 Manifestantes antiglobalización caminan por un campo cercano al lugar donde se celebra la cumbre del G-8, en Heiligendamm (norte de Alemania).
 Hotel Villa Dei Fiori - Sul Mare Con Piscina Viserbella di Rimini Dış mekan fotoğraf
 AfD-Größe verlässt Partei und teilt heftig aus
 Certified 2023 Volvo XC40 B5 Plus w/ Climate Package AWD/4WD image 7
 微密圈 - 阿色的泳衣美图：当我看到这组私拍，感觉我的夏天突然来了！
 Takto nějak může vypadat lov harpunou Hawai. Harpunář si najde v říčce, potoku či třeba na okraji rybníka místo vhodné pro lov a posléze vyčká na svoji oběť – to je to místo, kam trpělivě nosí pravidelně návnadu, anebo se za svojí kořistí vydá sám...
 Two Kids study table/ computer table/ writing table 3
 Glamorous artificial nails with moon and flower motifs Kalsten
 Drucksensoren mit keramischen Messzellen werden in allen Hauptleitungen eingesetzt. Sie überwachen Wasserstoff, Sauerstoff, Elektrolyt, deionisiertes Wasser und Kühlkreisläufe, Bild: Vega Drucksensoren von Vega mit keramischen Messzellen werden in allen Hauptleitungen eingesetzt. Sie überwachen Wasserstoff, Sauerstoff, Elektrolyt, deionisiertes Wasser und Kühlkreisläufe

○ ○ ○ ○

** PROBLEM REQUIREMENTS **
Could you set down every record exactly as given?

** RESULT **
 Manifestantes antiglobalización caminan por un campo cercano al lugar donde se celebra la cumbre del G-8, en Heiligendamm (norte de Alemania).
 Hotel Villa Dei Fiori - Sul Mare Con Piscina Viserbella di Rimini Dış mekan fotoğraf
 AfD-Größe verlässt Partei und teilt heftig aus
 Certified 2023 Volvo XC40 B5 Plus w/ Climate Package AWD/4WD image 7
 微密圈 - 阿色的泳衣美图：当我看到这组私拍，感觉我的夏天突然来了！
 Takto nějak může vypadat lov harpunou Hawai. Harpunář si najde v říčce, potoku či třeba na okraji rybníka místo vhodné pro lov a posléze vyčká na svoji oběť – to je to místo, kam trpělivě nosí pravidelně návnadu, anebo se za svojí kořistí vydá sám...
 Two Kids study table/ computer table/ writing table 3
 Glamorous artificial nails with moon and flower motifs Kalsten
 Drucksensoren mit keramischen Messzellen werden in allen Hauptleitungen eingesetzt. Sie überwachen Wasserstoff, Sauerstoff, Elektrolyt, deionisiertes Wasser und Kühlkreisläufe, Bild: Vega Drucksensoren von Vega mit keramischen Messzellen werden in allen Hauptleitungen eingesetzt. Sie überwachen Wasserstoff, Sauerstoff, Elektrolyt, deionisiertes Wasser und Kühlkreisläufe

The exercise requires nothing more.